Solution: Let A cm2 be the surface area of the can, and so

$\bg_white A = \pi r^2 \times 2 + 2\pi rh \text{ . . . . . (1)}$

Minimising the amount of metal used means minimising A, but we can't do calculus on the above equation with three variables.

Looking back at the question, the piece of information that is unused is that the can has a fixed total volume V.

$\bg_white V = \pi r^2 \times h \implies \pi rh = \frac{V}{r} \text{ . . . . . (2)}$

and so we can form an equation in two variables (V is a constant) by putting (2) into (1) and then use calculus:

\bg_white \begin{align*} A &= 2\pi r^2 + 2\frac{V}{r} \\ \frac{dA}{dr} &= 4\pi r + 2V \times -r^{-2} \\ &= 4\pi r - \frac{2V}{r^2} \\ \\ \text{Putting \frac{dA}{dr}=0:}\ 4\pi r &= \frac{2V}{r^2} \implies r^3 = \frac{V}{2\pi} \\ \\ \frac{d^2A}{dr^2} &= 4\pi - 2V \times -2r^{-3} = 4\pi + \frac{4V}{r^3} \\ \\ \text{If } r^3=\frac{V}{2\pi},\ \frac{d^2A}{dr^2} &= 4\pi + 4V \times \frac{2\pi}{V} = 12\pi > 0 \text{ hence a minimum} \\ \\ \text{Rearranging (2): } h &= \frac{V}{\pi r^2} \\ \frac{r}{h} &= r \times \frac{\pi r^2}{V} = \frac{\pi r^3}{V} \\ \\ \text{So, when } r^3=\frac{V}{2\pi},\ \frac{r}{h} &= \frac{\pi}{V} \times \frac{V}{2\pi} = \frac{1}{2} \\ \\ \text{So, the amount of metal is minimised when } r:h &= 1:2 \end{align*}

#### CM_Tutor

##### Well-Known Member
It is worth noting, in my opinion, that my optimisation example illustrates a general exam strategy that I believe is under-utilised, which is:

Keep your eye on your goal.

In this question, my goal was the ratio $\bg_white r:h$, and while that can be found by finding $\bg_white r$ and $\bg_white h$ and then dividing them, I am not actually required to find $\bg_white r$ or $\bg_white h$.

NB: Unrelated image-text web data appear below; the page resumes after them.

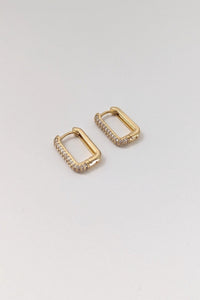 A pair of gold-colored rectangular pave huggie earrings on a white background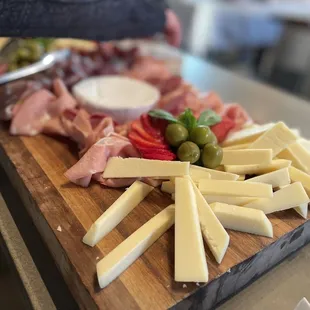 a variety of cheeses and meats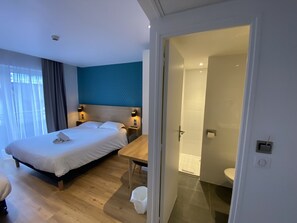 A modern hotel room with a large bed, bedside tables, a desk, and a bathroom visible through an open door. - Oskar Hotel (Annemasse)
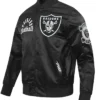 Close-up of NFL Las Vegas Raiders Pro Standard Original Black And White Satin Varsity Jacket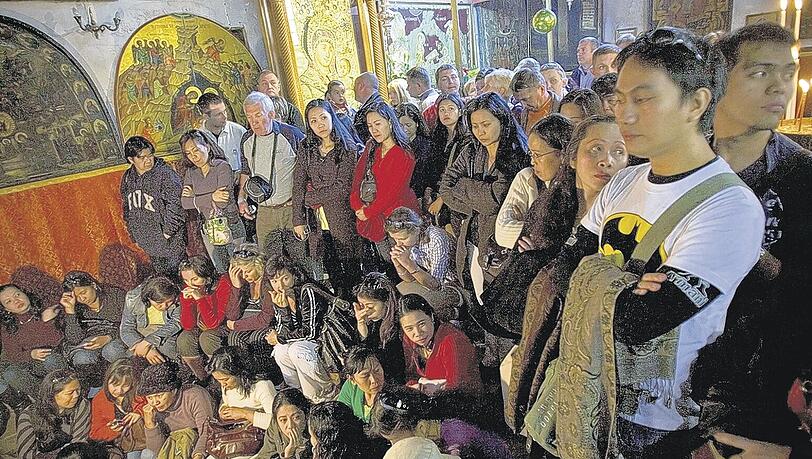 Dicht gedrängt sitzen die Touristen in der Geburtskirche in Bethlehem. Die Hotels in Bethlehem sind bis weit in den Januar hinein ausgebucht. Foto: AP Dicht gedrängt sitzen die Touristen in der Geburtskirche in Bethlehem. Die Hotels in Bethlehem sind bis weit in den Januar hinein ausgebucht. Foto: AP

In forming equation (2), I recognised that I was planning to use it to eliminate $\bg_white r$ or $\bg_white h$ from equation (1). Thus, I expressed (2) in the form that suited simplifying (1), rather than making $\bg_white h$ the subject and adding an extra line of algebra into the substitution step to get to the equation linking $\bg_white A$ to $\bg_white r$.

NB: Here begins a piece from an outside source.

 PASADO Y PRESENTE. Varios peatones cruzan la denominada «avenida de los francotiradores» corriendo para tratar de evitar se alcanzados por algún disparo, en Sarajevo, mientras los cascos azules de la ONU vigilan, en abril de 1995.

As I showed later, rearranging equation (2) gave me a form for $\bg_white r:h$ where the only variable present was $\bg_white r^3$.

Thus, I worked with the stationary point being at $\bg_white r^3=\frac{V}{2\pi}$. I knew that I could take the cube root if I needed $\bg_white r$ but recognised also that knowing $\bg_white r^3$ was likely to be sufficient. This also told me that using equation (2) to back-substitute and find an exact form for $\bg_white h$ was likely to be unnecessary.

In other words, I didn't stop to find an explicit form for $\bg_white h$ or $\bg_white r$ as neither of them was my goal.

In doing so, I avoided:

$\bg_white r = \sqrt[3]{\frac{V}{2\pi}}$

$\bg_white h=\frac{V}{\pi r^2} = \frac{V}{\pi} \times \left(\sqrt[3]{\frac{2\pi}{V}}\right)^2 = \sqrt[3]{\frac{V^3}{\pi^3} \times \frac{4\pi^2}{V^2}} = \sqrt[3]{\frac{4V}{\pi}}$

$\bg_white r:h = \sqrt[3]{\frac{V}{2\pi}} \times \sqrt[3]{\frac{\pi}{4V}} = \sqrt[3]{\frac{V}{2\pi} \times \frac{\pi}{4V}} = \sqrt[3]{\frac{V}{8V}} = \frac{1}{2} = 1:2$

This is a strategy that can save you time and possibly also avoid losing marks from mistakes in working that isn't actually needed anyway.